Supplied entries section start
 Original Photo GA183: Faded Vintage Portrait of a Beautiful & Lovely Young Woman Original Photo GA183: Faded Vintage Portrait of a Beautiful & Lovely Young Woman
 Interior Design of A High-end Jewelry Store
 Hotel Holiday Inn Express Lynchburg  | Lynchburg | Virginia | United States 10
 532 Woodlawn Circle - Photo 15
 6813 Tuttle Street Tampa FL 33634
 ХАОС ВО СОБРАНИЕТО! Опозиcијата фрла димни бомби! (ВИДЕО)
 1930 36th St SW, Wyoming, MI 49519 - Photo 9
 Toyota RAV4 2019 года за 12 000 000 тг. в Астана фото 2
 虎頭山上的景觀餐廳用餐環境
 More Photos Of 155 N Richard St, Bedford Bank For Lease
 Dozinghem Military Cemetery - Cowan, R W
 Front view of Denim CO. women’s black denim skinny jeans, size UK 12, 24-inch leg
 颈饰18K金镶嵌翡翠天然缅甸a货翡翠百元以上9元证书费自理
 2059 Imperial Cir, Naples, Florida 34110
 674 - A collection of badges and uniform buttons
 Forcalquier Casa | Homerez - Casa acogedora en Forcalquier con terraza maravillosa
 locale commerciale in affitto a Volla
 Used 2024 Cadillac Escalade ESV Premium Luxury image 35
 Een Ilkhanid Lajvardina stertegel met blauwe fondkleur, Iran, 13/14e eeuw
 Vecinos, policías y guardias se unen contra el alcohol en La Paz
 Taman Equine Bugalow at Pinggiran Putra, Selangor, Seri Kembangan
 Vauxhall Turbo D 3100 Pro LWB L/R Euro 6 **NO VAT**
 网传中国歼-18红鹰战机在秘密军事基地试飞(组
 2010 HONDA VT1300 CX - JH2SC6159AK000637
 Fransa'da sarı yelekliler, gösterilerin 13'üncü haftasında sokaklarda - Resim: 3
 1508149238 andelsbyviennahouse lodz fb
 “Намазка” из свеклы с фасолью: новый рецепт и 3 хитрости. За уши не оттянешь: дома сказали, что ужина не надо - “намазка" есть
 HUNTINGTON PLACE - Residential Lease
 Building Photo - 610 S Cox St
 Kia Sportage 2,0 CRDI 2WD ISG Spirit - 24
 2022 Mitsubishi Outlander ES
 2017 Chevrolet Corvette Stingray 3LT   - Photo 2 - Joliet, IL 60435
Supplied entries section end
◆ **What this task involves**
Scan the lines above for the word "Lease". Return each one that has it.

◆ **Answer box**
 More Photos Of 155 N Richard St, Bedford Bank For Lease
 HUNTINGTON PLACE - Residential Lease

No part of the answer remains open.